You have built the components: the minimum-viable five-piece pipeline (lesson 1), the foundations and productive limits (lesson 2), the prompt-engineering toolkit (lesson 3), and the augmentation patterns of RAG and tool use (lesson 4). This lesson reads a real LLM application end to end and identifies the production decisions it embeds. The bootcamp’s worked example is askFSDL, a question-answering app over the FSDL course materials. We will not reproduce its code; we will read its shape and the decisions baked into it, so you can recognize the same shape (and make better decisions) in applications you build.

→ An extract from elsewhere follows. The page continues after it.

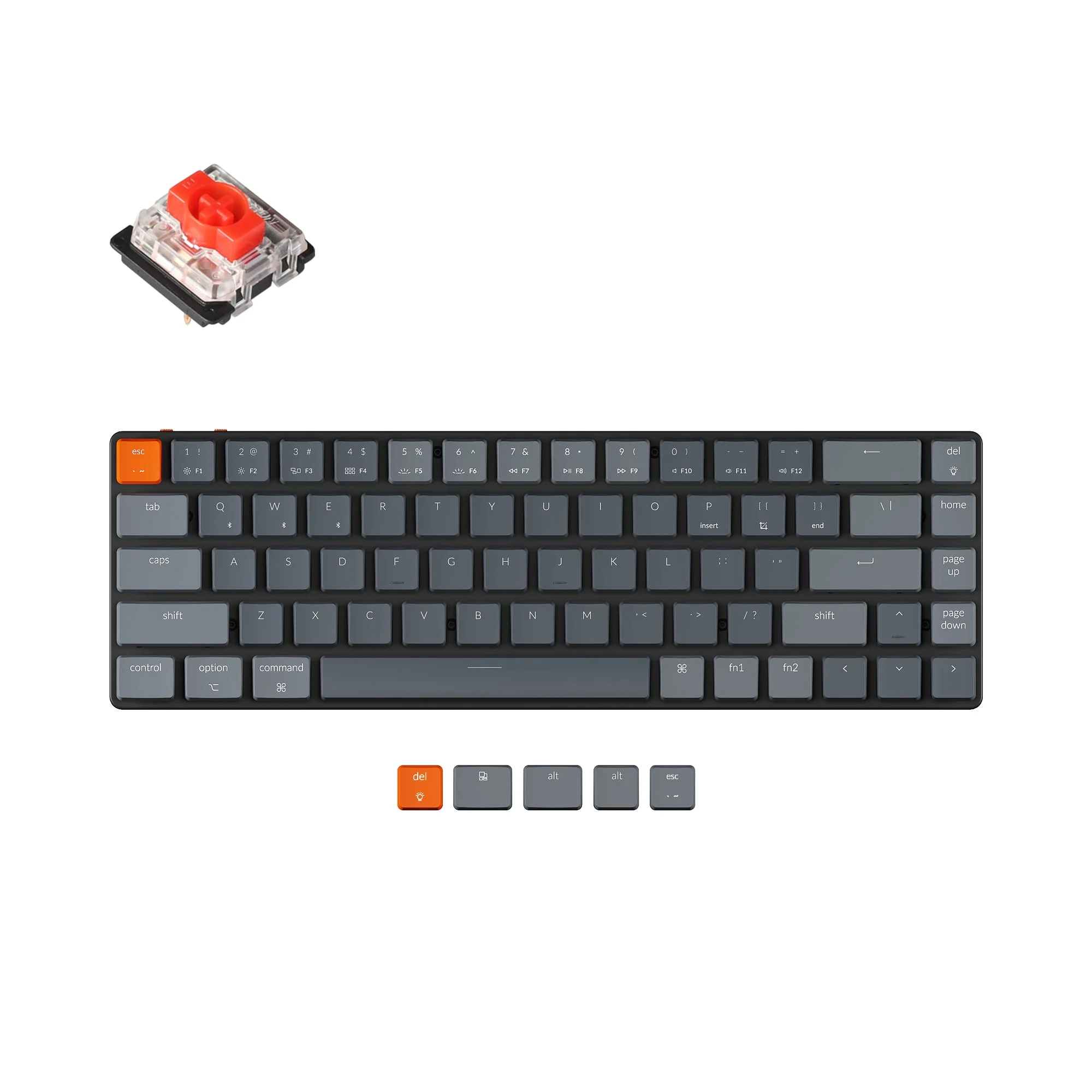 Miniatura 1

askFSDL is a chat-style Q&A application: a user asks a question about the FSDL course content, and the application returns an answer grounded in the course materials, with citations back to the source video or text. Its job is narrow on purpose: a useful question-answering interface over a specific, bounded knowledge base.

Its overall shape is the five-component pipeline from lesson 1, with lesson 4’s RAG pipeline wedged into the “application code” component:

user input -> prompt template -> RAG retrieval over course corpus ->
hosted-model API call -> streaming render with citations

Nothing on that line is novel after the last four lessons. The value of this walkthrough is in the decisions at each step.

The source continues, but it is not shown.